SLURP RECIPE
Chickpea, Lemon & Pomegranate Soup
30mins
easy
Servings: 4
Ingredients
- 1 tbsp coconut oil
- 1 red onion, diced
- 3 cloves of garlic, finely chopped
- 1 tsp dried thyme or rosemary
- 1 large handful parsley, stems finely chopped. Reserve leaves, roughly chopped, to garnish
- 840g tinned cooked chickpeas (total drained weight)
- 100g baby spinach or kale, chopped
- 1 lemon (juice), to taste, plus lemon zest
- 1 pinch sea salt and freshly ground black pepper
- 800ml Borough Broth Free-Range Organic Chicken Bone Broth
Instructions
- Heat coconut oil in a large wide pan and fry the onion for 5 minutes, stirring from time to time.

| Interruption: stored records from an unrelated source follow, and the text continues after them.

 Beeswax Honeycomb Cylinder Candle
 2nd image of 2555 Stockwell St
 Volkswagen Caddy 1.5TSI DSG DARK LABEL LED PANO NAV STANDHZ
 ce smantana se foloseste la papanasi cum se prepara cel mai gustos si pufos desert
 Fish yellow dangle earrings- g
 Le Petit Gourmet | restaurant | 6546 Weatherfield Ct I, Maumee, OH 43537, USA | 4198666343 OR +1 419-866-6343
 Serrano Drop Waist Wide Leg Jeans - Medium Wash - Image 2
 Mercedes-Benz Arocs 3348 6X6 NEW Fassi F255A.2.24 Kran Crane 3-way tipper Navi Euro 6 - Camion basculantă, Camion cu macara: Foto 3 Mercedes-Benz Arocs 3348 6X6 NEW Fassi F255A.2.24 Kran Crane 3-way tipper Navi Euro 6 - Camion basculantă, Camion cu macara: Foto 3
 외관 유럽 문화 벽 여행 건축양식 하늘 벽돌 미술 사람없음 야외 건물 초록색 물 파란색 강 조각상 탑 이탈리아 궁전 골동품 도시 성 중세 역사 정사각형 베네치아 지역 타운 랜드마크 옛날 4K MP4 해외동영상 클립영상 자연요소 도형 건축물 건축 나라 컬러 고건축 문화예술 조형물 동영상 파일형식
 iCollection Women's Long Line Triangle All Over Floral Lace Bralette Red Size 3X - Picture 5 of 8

- Add garlic, dried herbs, parsley stems (reserve leaves for serving) and leave to fry for a minute or until the garlic is golden around the edges.
- Add the broth and bring to a high simmer. Lower heat, add the chickpeas, spinach or kale, sea salt and pepper and leave to simmer.
- After 5 minutes, turn off the heat. Add the fresh lemon juice and zest and taste for seasoning.